Hijo mío, convéncete de esto: Dios puede rechazar todo en una criatura concebida en
pecado y que lleva en sí la impronta indeleble heredada de Adán; pero no puede rechazar
de ningún modo el deseo sincero de amarle. Por tanto, si por otros motivos no puedes
estar seguro de su celestial predilección, y si la acogida que prestas a quien te habla en
nombre del mismo Dios no te alivia y conforta, lo debes creer al menos por este deseo
sincero que tú tienes de amarle.
Te ruego, pues, en nombre de Dios, que no te dejes vencer por ese temor que me
manifiestas en tus cartas; es decir, el temor de no amar y no temer a Dios; porque me
parece que el enemigo te quiere llevar a engaño. Sé, hijo mío, que nadie puede amar
dignamente a su Dios. Pero cuando un alma pone todo lo que está de su parte, y lo hace
todo con recta intención, y confía en la divina misericordia, ¿por qué la va a rechazar
Jesús? ¿Acaso no es él el que nos ha mandado que amemos a Dios con nuestras fuerzas?
Por tanto, si tú has dado y consagrado todo a Dios; si, como consecuencia, buscas llenar
tu corazón de sólo Dios; y con una reflexión sincera e incansable vas descubriendo el
modo mejor de servirle y amarle, ¿qué motivos tienes para temer? ¿Quizá porque no
puedes hacer más? Pero Jesús no te lo pide todavía y, por tanto, no podrá condenarte. El
Espíritu de Dios sopla cuando quiere, donde quiere y como quiere. Por otra parte, tú
pide a nuestro buen Dios que realice Él mismo aquello que tú no puedes hacer. Di a
Jesús: ¿Quieres un amor mayor de mi parte? ¡Yo no tengo más! ¡Dámelo, pues, tú y yo
te lo ofreceré! No dudes, Jesús aceptará la ofrenda y tú queda tranquilo.

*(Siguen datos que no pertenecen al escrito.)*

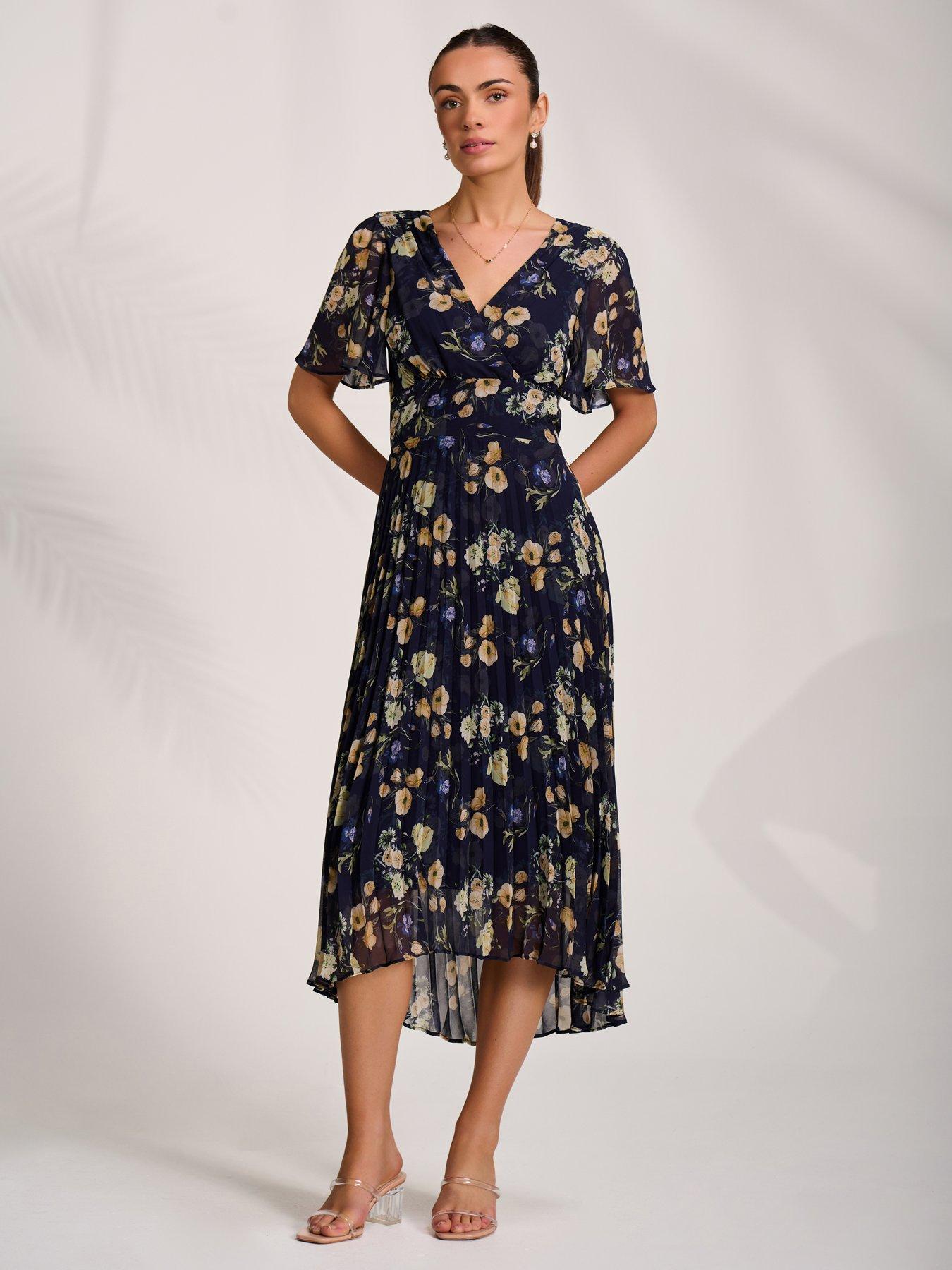 Jolie Moi Pleated Chiffon Maxi Dress - Yellow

(29 de marzo de 1918, a fray Emmanuele
da San Marco la Catola, Ep. IV, 424)

31 de marzo

Mi queridísimo padre, recordando las muchas atenciones que me ofrece, creo que es
para mí un sagrado deber, ahora que se aproxima la santa Pascua, no dejarla pasar sin
deseársela llena de todas aquellas gracias que le pueden hacer feliz aquí en la tierra y
bienaventurado en el cielo.
Este, padre mío, es el augurio que sé hacerle; y creo que le será muy grato. Además,
en esa solemnidad no dejaré, en mi indignidad, de rogar a Jesús resucitado por su
hermosa alma, si bien es cierto que no me olvido ningún día de orar por usted.
En estos días santos, más que de costumbre, soy duramente atormentado por ese
barbablù. Le pido, pues, que ruegue vivamente al Señor para que no quede prisionero de
este común enemigo.
Pero Dios está conmigo y los consuelos, que me hace gustar de forma constante, son
tan dulces que no podría describirlos.